_YOUR ASSIGNMENT:_
Transcribe word for word each line from the one containing "Collins Natural/Sand Outdoor" to the final line of the data, both included. Skip the pictures.

Stored dataset items
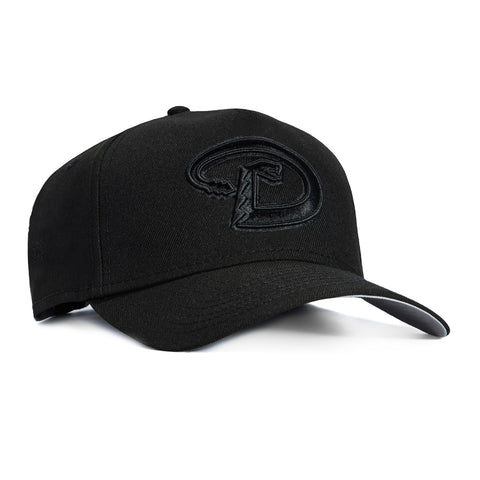 New Era 9Forty A-Frame Arizona Diamondbacks Snapback D Hat - Black, Black New Era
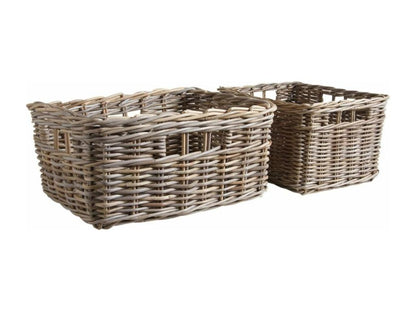 Laviecasa grey storage basket, set of 2, VTYM82025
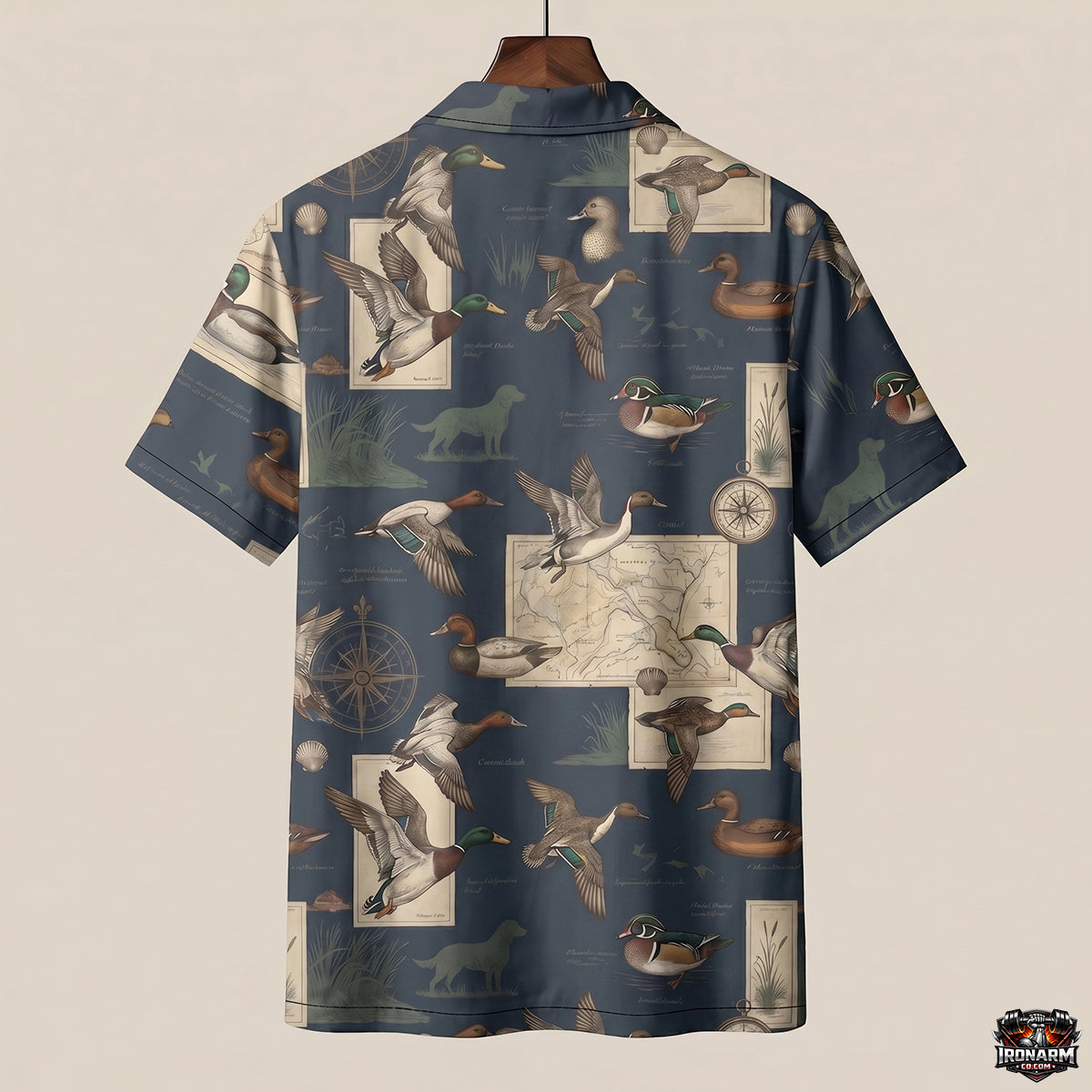 Mallard Paradise Collection - Hawaiian Shirt MPHS1006
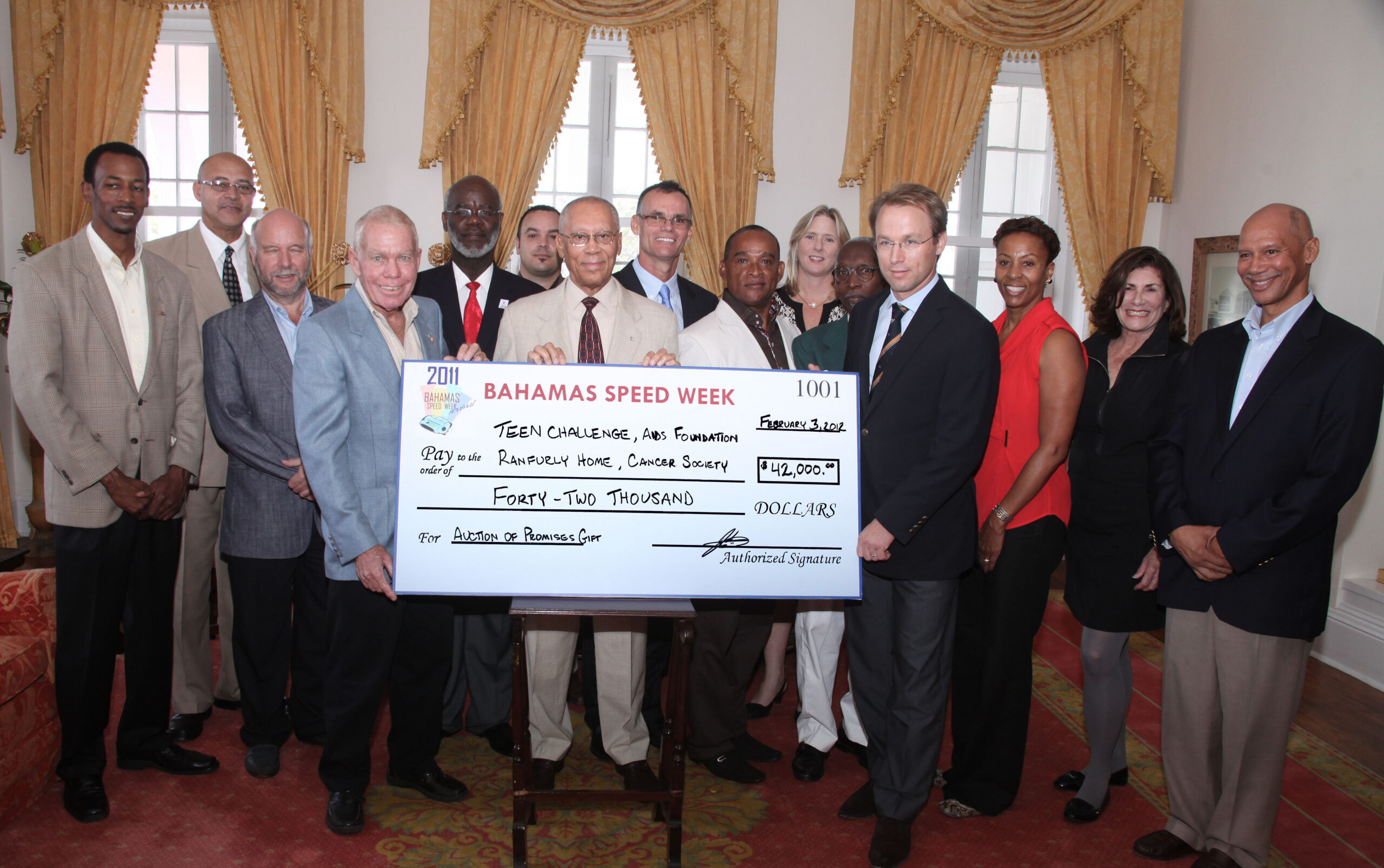 BSWR Auction of Promises GG Cheque Presentation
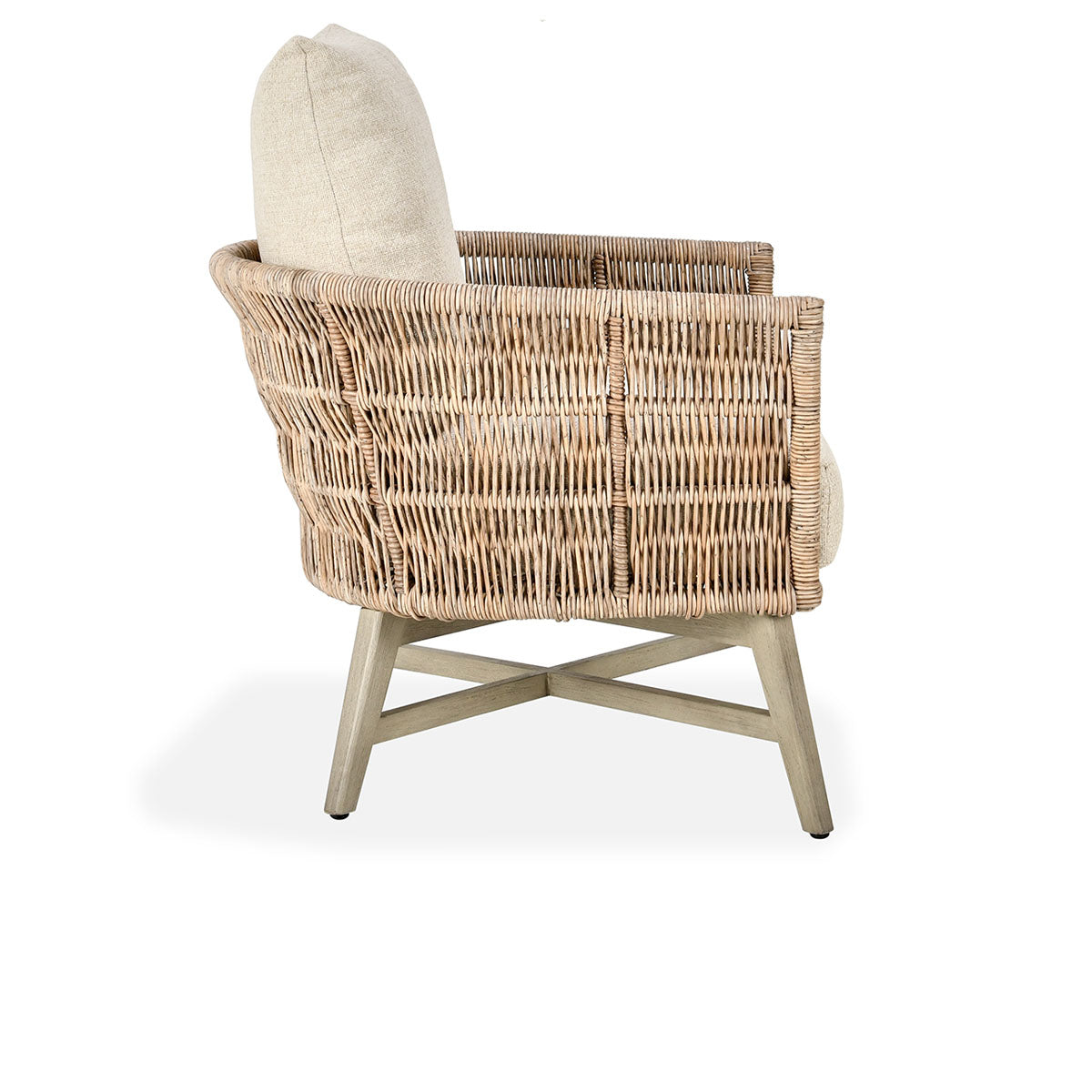 Collins Natural/Sand Outdoor Accent Chair - Ornate Home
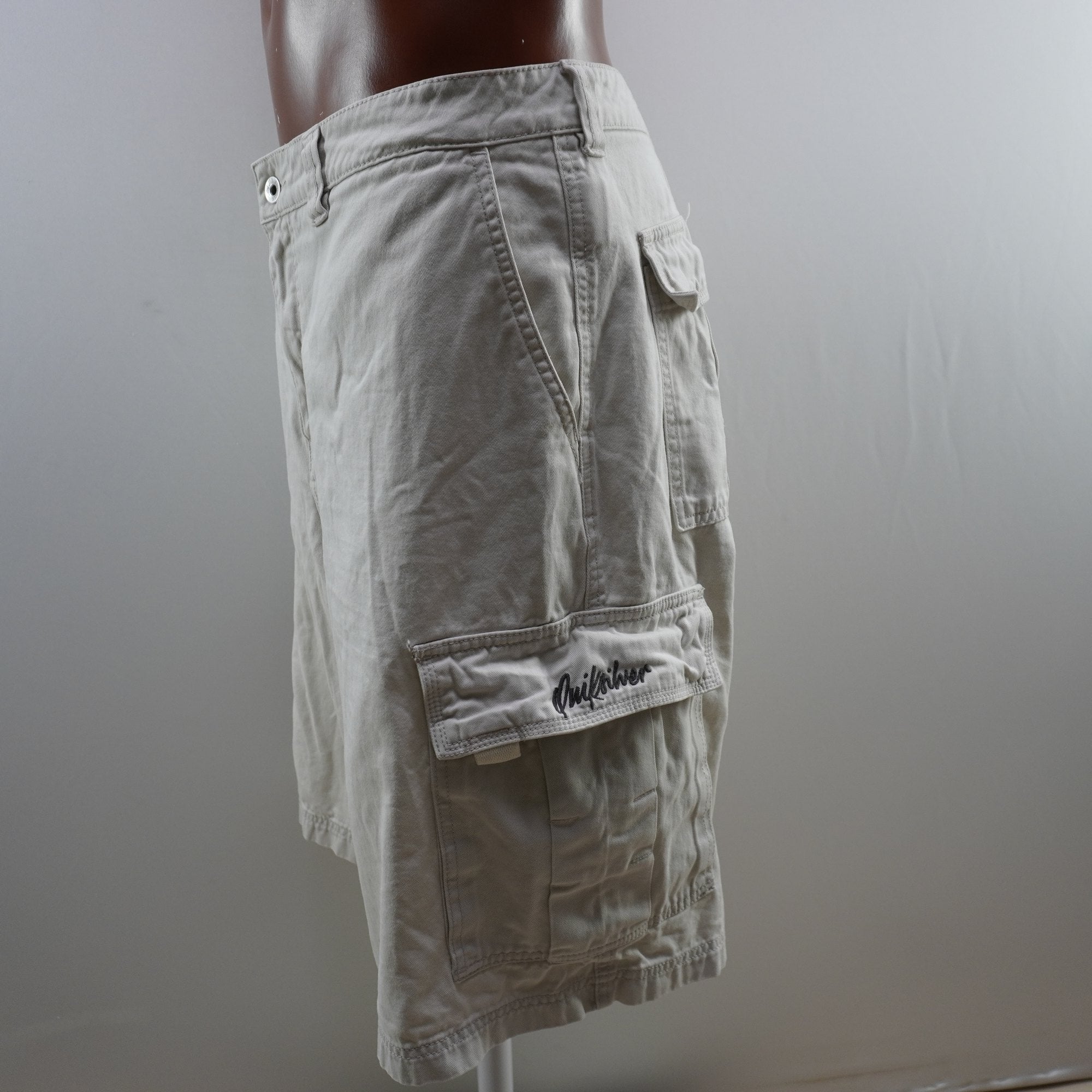 Pantalones Cortos Cargo Quiksilver para Hombre Usados - Beige, XL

_ANSWER TO THE EXERCISE:_
 Collins Natural/Sand Outdoor Accent Chair - Ornate Home
 Pantalones Cortos Cargo Quiksilver para Hombre Usados - Beige, XL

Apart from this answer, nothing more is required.